英語と特別支援の勉強会は、ほとんどありませんから、わたしは、
普通の教員向け、保護者向けのに参加しています。
関西では、大阪医科大LDセンターは一年中講習会を行っています。
いろんな事例を知ることで、「そういえばAくんも同じかも」と
思い当たることも多々あります。
「読み書きが苦手な子」への英語指導は、日本ではまだまだ未開拓。
もしいまこれを読んでるのが英語の先生なら、
あなたこそが 日本の特別支援の英語の先駆けとなる ”パイオニア”。
子どもが何につまづいていようがいまいが、
そんなこと気にしていない先生も多い中、
「どうしたらいいんかなあ・・・これは学習障害かな?ちょっと調べてみよう。」
と思った時点でパイオニアへの第一歩!
まだ少人数だと思いますが、科学的に子どもの問題を捉え、
指導に結びつけていけるのは、
心理学者や医者やカウンセラーじゃなくて、
わたしたち教員だけでしょう。
もし英語の先生がやらなければ、きっと言語聴覚士さんあたりが
英語を教え始めますよ。
それなんかいやなんですよ。英語は英語の先生が教えたいじゃないですか。
英語指導はやっぱり奥が深いはず!
わたしたちは、あと「ちょっとだけ」科学的な知識を増やして
これまでの指導に加えていけばいいだけなんです。
チャレンジ教室だって、
「どうやったらいいんですか」と尋ねられても、
「何も特別なことはしていない」と答えています。
子どもに合わせる知識と視点さえわかれば、
いつもの指導の順番を変えたり、
言葉や文字を工夫したり、
そういうことで、対応していけます。
なんかむっちゃすごいことをしてるわけじゃありません。
積極的に勉強しましょう。
あと、ちょっと知るだけでいいんですよ。
というわけで、
今日は、「勉強のススメ」でした。
ただ、ひたすらに共感し、投稿しました。目の覚める記事、ありがとうございました。
過去の記事はいろいろ未熟な内容も多いですし
間違っているかも・・・というところもあるかと思います。
共感して頂けて嬉しいです。
英語教育に関しては、ほとんど誰も気づいていないことが多いです。これはとても面白い分野です・・・。ぜひ、みなさんと一緒に勉強したいなと思っています。またコメントしてくださいね。
子供英語教室で講師をしています。
発達障害 英語教室 の検索でこちらにたどり着き、そうそう!と共感しながら拝読しました。ありがとうございます!
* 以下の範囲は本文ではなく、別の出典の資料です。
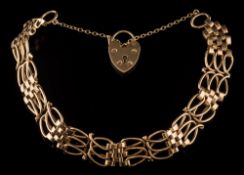 A 9ct gold gate-link bracelet: with padlock clasp and safety chain, 19gms gross weight.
私も自身のブログで発達障害のことに触れ、他の講師仲間にも広く勉強するよう勧めてはいますが、なかなか共感してくれる人はいないし、先日は他の講師が生徒さんのお母様に「発達障害ではないですか?」と言ってしまい、そのお母さんが深く傷ついていました。こんなことも理解がないから起きる不幸だと思います。これからもちょこちょこ見に来ます。勉強させてください!